WHAT THIS TASK INVOLVES:
A faithful, word-for-word copy of the data below is required, without pictures.

GIVEN DATA:
= Beginning of Section =

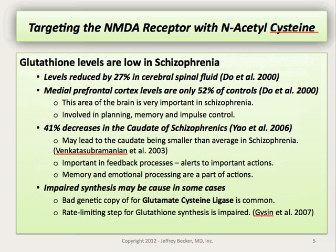In a different study looking at the caudate of patients with schizophrenia, 41% decreases in the levels of glutathione were seen. It's likely that these low levels of glutathione and the damage that may occur due to decreased antioxidant protection may lead to the caudate being smaller than average in schizophrenia. The caudate is important in feedback processes and alerts us to important actions and information, and is important in memory and emotional processing as well.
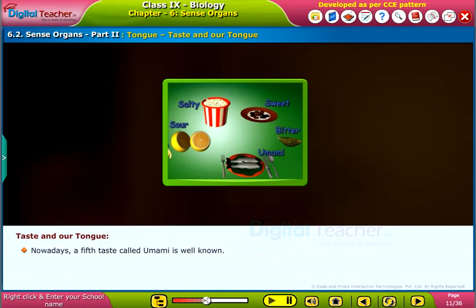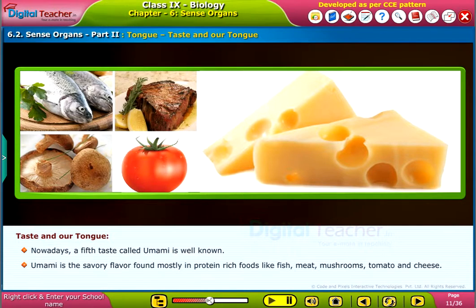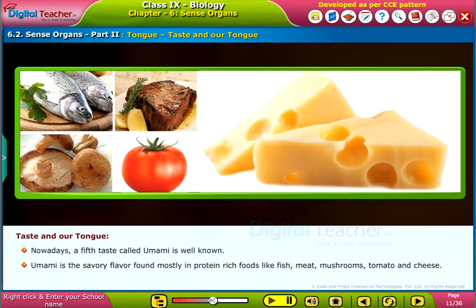Nowadays, a fifth taste called umami is well known. Umami is the savory flavor found mostly in protein-rich foods like fish, meat, mushrooms, tomato, and cheese.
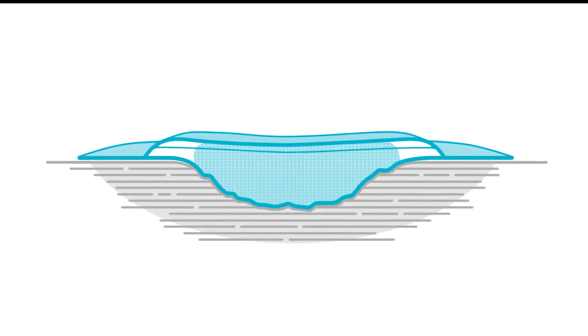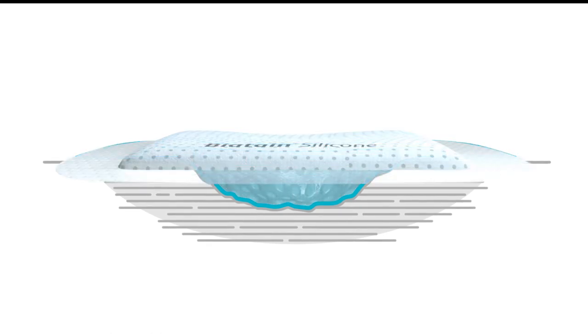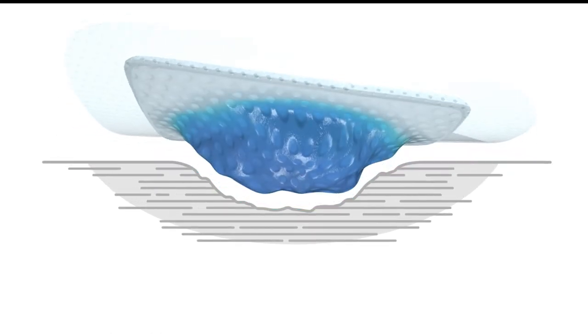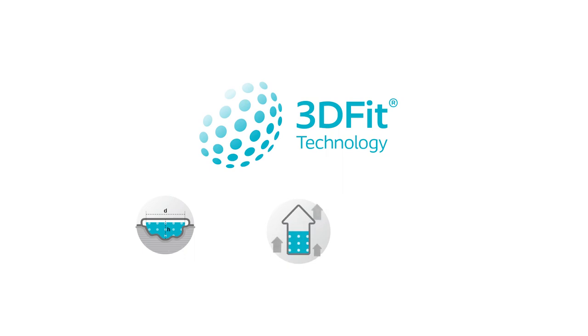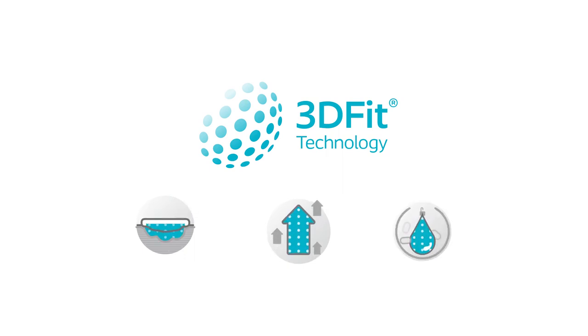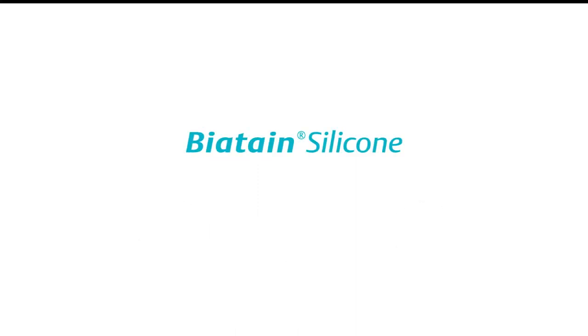As a result, the exudate is effectively managed. Biotane silicone with 3D-FIT technology ensures that patients get a perfect fit every time. Patients will experience the benefit from conformability, vertical absorption and retention, which promotes optimal healing conditions. Biotane silicone, a perfect fit every time.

= End of Section =

RESULT FOR THIS TASK:
In a different study looking at the caudate of patients with schizophrenia, 41% decreases in the levels of glutathione were seen. It's likely that these low levels of glutathione and the damage that may occur due to decreased antioxidant protection may lead to the caudate being smaller than average in schizophrenia. The caudate is important in feedback processes and alerts us to important actions and information, and is important in memory and emotional processing as well.
Nowadays, a fifth taste called umami is well known. Umami is the savory flavor found mostly in protein-rich foods like fish, meat, mushrooms, tomato, and cheese.
As a result, the exudate is effectively managed. Biotane silicone with 3D-FIT technology ensures that patients get a perfect fit every time. Patients will experience the benefit from conformability, vertical absorption and retention, which promotes optimal healing conditions. Biotane silicone, a perfect fit every time.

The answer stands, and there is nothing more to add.